Demo Overview
Try out the Multi-camera Tracking application leveraging NVIDIA Metropolis Microservices. This application will track and associate a set number of objects across cameras and maintain a unique ID for the object. Each object is tracked through visual embeddings/appearance, rather than any personal biometric information. Privacy is fully maintained. The demo will generate output files for each unique object it identifies in the clip. The output clip will highlight just the object that was selected with a bounding box and a unique identification number.
The application tracks objects across cameras using object re-identification based on feature embedding and spatio-temporal association, comparison of object behavior and tracklets across space and time.
It’s important to note that the application processes the input videos all at once and creates an output set of videos and tracking information. It is not a real-time app. A mosaic output video is created for each of the identified/tracked objects is for demonstration purpose only, showing how the object moved across space and camera views.
How to run the demo
Step 1: At the top right of this page, click “Launch App”.
Step 2: Choose one of the two example scenarios - a retail or warehouse environment. Both scenes are synthetically generated using NVIDIA Omniverse.
Step 3: Click “Run App” to run the multi-camera tracking app on the input videos. All four input videos will be processed.
Once processed, the application will generate a set of output video clips for viewing.
Input
The input to the multi-camera tracking application is a set of 4 videos that users can select from either retail or warehouse settings. These are captured from 4 cameras placed at different heights and angles. Users can view the input video before sending it for processing.
Output
The output will show some metadata like the number of unique objects identified in all the 4 videos along with a selection of output videos with their respective tracking IDs.

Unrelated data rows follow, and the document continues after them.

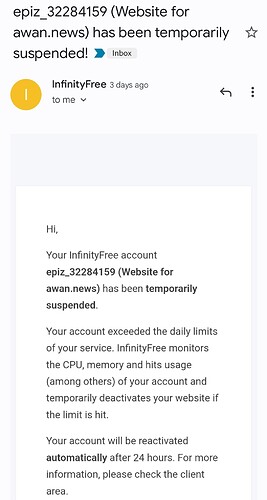 Screenshot_20221023_193254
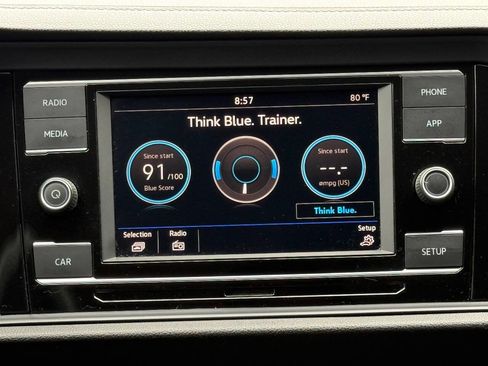 Used 2019 Volkswagen Jetta S w/ Driver Assistance Package image 26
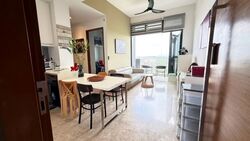 Eco Sanctuary (D23), Condominium #546673531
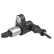 Sensor de velocidad de la rueda 31908 ABS, Miniatura 3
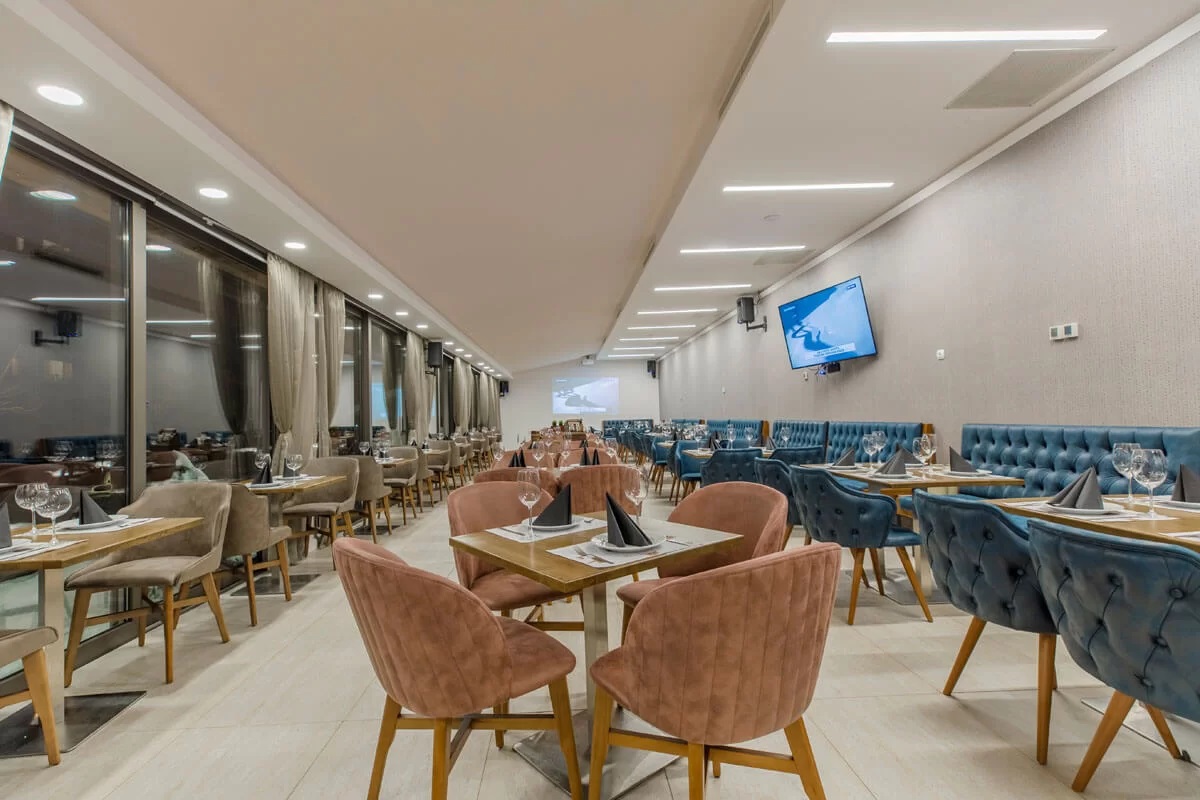 Hotel Murite Club-Restoran.jpg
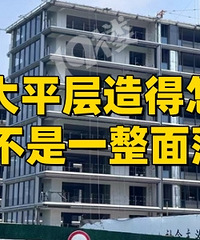 ������400�O��լ�����ô����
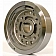 PowerBond by Dayco Harmonic Balancer - PB1210SS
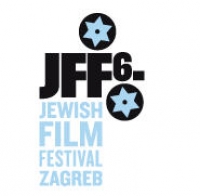 Festival židovskog filma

The output of the videos will be a 2x2 tile of input videos with the bounding box and unique tracking ID of the object highlighted. The tracking ID will remain constant as the object moves from one camera to another. Each input video is synchronized, with the synchronized frame number shown on the upper left corner.
In addition, users can also view the floorplan of the building with the approximate camera placements within the building.
Technologies used
This application uses a combination of existing NVIDIA technologies like DeepStream and Pre-trained models along with newer (soon to be released) IPs for re-identification and tracking. Sign up to be notified when the application and microservices are released
Some of the technologies used include:
- Metropolis Microservices to develop cloud-native Vision AI applications
- DeepStream SDK to develop the video to AI perception pipeline
- TAO Toolkit to train and optimize AI models
Disclaimers
This is a standalone demo and not tied to an actual multi-camera tracking application.